WHAT IS EXPECTED: Would you retype exactly the lines below, starting with the one that has "Barbie autokaravan – fotka 4" and going on through the one that has "Alper Eser - Yuregindeki Gercek", with no pictures and nothing else?

DATA EXTRACT:
== Segment start ==

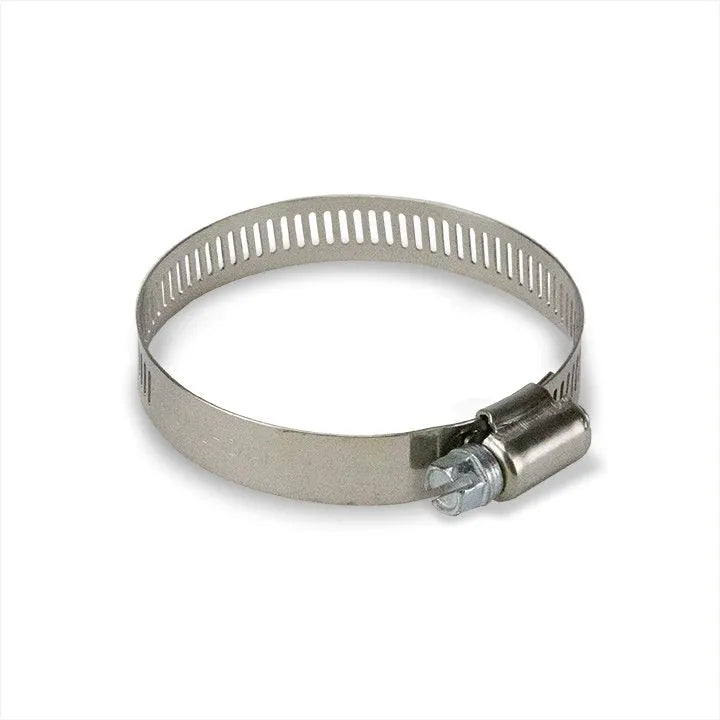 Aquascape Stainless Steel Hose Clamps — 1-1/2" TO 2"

== Segment end ==
== Segment start ==

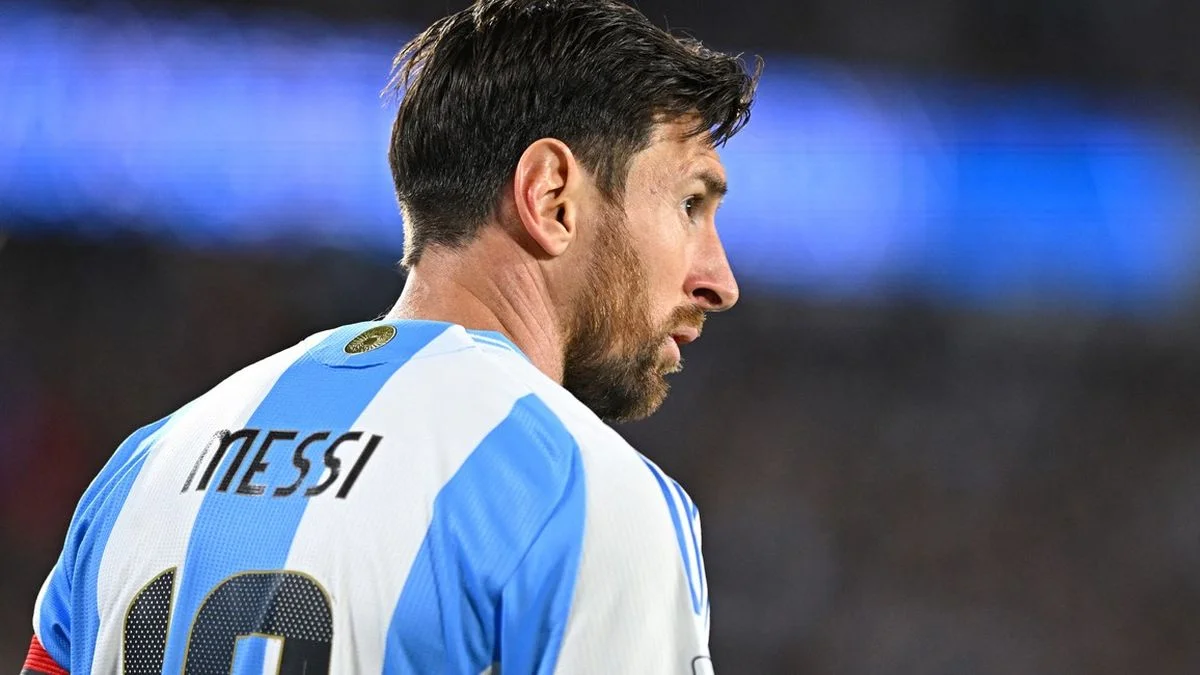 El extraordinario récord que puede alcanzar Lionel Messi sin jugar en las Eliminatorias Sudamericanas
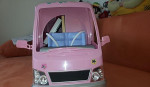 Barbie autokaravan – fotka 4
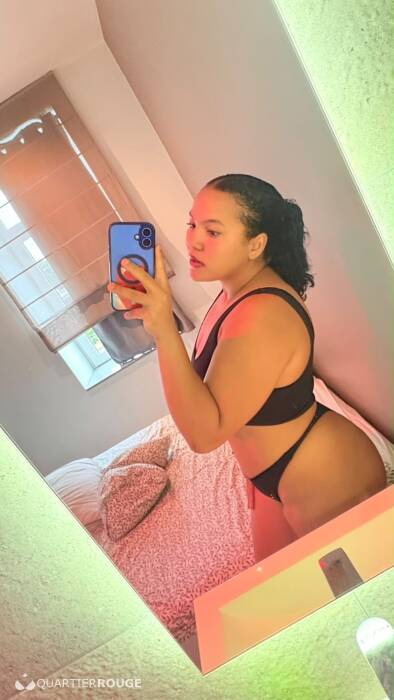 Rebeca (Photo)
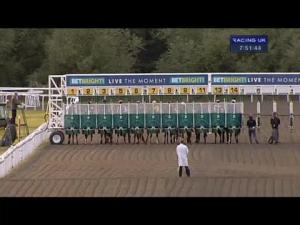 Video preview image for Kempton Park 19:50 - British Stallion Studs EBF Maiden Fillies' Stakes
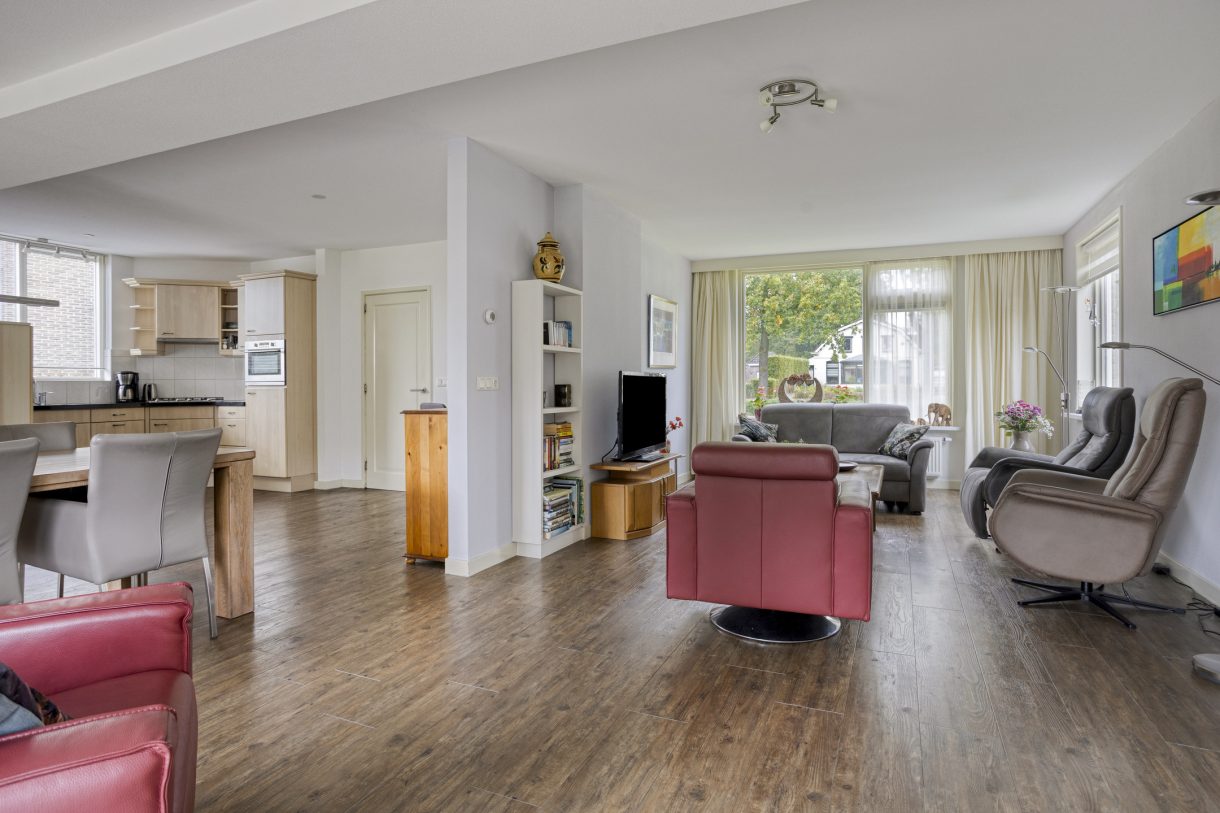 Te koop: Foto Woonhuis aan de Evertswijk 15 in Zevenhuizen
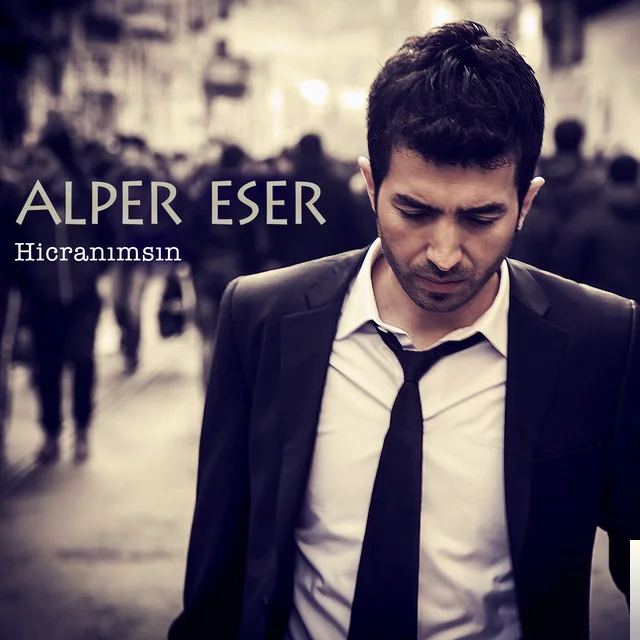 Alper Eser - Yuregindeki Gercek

== Segment end ==

SOLVED PROBLEM:
 Barbie autokaravan – fotka 4
 Rebeca (Photo)
 Video preview image for Kempton Park 19:50 - British Stallion Studs EBF Maiden Fillies' Stakes
 Te koop: Foto Woonhuis aan de Evertswijk 15 in Zevenhuizen
 Alper Eser - Yuregindeki Gercek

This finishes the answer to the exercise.